=== ENTRIES SUPPLIED ===

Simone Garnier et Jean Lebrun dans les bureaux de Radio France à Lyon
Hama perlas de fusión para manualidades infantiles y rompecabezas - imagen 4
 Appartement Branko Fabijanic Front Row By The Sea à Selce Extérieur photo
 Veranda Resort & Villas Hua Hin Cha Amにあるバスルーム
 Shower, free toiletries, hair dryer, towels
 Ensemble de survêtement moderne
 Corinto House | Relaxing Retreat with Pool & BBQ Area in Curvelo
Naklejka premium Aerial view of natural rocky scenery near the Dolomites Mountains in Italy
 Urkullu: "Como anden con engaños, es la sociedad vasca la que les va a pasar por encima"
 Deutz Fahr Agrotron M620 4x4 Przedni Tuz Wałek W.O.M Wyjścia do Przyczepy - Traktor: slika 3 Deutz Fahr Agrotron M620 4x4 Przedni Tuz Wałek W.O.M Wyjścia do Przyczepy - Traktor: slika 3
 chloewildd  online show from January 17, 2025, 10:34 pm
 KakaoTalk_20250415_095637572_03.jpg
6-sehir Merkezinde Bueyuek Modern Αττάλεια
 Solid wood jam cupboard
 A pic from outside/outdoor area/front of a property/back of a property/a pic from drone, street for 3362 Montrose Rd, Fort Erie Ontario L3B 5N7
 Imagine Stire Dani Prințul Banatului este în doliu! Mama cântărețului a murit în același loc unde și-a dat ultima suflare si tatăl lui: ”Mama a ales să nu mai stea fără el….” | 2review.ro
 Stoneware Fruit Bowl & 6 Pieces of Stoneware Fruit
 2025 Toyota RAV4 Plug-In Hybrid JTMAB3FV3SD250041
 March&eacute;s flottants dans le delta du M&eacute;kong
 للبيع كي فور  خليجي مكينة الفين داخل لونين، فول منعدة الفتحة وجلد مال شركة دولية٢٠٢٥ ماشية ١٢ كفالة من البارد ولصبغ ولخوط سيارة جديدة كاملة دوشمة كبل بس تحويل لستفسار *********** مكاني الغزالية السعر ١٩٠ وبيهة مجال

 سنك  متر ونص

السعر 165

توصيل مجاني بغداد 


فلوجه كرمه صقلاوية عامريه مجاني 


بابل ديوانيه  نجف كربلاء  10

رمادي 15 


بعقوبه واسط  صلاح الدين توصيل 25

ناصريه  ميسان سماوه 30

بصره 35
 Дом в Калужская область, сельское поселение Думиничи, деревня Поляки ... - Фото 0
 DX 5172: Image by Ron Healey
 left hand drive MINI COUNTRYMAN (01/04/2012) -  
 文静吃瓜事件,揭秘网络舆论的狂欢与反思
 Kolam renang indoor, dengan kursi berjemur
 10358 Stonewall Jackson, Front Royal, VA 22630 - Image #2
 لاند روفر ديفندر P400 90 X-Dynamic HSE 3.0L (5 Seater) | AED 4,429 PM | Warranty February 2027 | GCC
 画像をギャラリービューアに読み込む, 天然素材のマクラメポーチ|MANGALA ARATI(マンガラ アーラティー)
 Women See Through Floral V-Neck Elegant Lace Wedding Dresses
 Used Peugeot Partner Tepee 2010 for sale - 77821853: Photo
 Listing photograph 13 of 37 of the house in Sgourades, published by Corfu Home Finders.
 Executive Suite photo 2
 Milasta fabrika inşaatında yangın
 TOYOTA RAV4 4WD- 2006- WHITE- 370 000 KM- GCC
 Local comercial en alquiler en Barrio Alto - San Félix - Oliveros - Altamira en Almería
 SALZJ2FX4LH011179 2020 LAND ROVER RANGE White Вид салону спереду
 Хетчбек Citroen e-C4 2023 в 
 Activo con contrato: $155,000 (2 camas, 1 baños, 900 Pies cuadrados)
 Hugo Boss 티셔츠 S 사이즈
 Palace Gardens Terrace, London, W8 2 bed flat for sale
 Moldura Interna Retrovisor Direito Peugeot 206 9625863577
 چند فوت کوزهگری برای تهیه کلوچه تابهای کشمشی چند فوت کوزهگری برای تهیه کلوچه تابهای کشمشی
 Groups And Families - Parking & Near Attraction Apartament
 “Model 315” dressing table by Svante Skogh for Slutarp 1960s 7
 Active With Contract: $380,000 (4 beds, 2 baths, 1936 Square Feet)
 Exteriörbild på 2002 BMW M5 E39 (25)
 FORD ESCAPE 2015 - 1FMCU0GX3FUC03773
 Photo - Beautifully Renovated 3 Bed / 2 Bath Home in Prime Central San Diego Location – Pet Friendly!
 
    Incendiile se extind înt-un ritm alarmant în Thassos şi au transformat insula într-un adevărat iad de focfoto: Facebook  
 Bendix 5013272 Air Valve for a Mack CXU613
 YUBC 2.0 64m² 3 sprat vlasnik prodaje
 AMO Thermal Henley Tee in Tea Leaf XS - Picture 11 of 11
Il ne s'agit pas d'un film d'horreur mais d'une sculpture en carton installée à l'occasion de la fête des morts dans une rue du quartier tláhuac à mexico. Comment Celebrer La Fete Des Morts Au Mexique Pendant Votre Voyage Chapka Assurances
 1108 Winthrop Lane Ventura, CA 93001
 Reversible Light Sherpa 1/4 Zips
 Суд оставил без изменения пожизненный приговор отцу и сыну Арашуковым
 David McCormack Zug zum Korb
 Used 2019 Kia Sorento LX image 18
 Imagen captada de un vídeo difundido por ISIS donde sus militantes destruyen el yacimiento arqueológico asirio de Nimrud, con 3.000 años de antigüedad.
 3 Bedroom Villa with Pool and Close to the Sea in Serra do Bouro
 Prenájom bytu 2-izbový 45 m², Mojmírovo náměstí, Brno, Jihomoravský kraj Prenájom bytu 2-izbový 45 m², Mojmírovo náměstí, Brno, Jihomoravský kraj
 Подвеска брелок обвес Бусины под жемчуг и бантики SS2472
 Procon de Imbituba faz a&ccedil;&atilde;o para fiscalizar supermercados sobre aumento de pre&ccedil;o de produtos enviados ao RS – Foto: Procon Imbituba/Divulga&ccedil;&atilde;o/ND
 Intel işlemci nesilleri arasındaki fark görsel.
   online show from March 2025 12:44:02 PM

===

Using the entries above, repeat only the lines from the one containing "ناصريه  ميسان سماوه 30" through the one containing "画像をギャラリービューアに読み込む, 天然素材のマクラメポーチ|MANGALA ARATI(マンガラ", end lines included.

ناصريه  ميسان سماوه 30

بصره 35
 Дом в Калужская область, сельское поселение Думиничи, деревня Поляки ... - Фото 0
 DX 5172: Image by Ron Healey
 left hand drive MINI COUNTRYMAN (01/04/2012) -  
 文静吃瓜事件,揭秘网络舆论的狂欢与反思
 Kolam renang indoor, dengan kursi berjemur
 10358 Stonewall Jackson, Front Royal, VA 22630 - Image #2
 لاند روفر ديفندر P400 90 X-Dynamic HSE 3.0L (5 Seater) | AED 4,429 PM | Warranty February 2027 | GCC
 画像をギャラリービューアに読み込む, 天然素材のマクラメポーチ|MANGALA ARATI(マンガラ アーラティー)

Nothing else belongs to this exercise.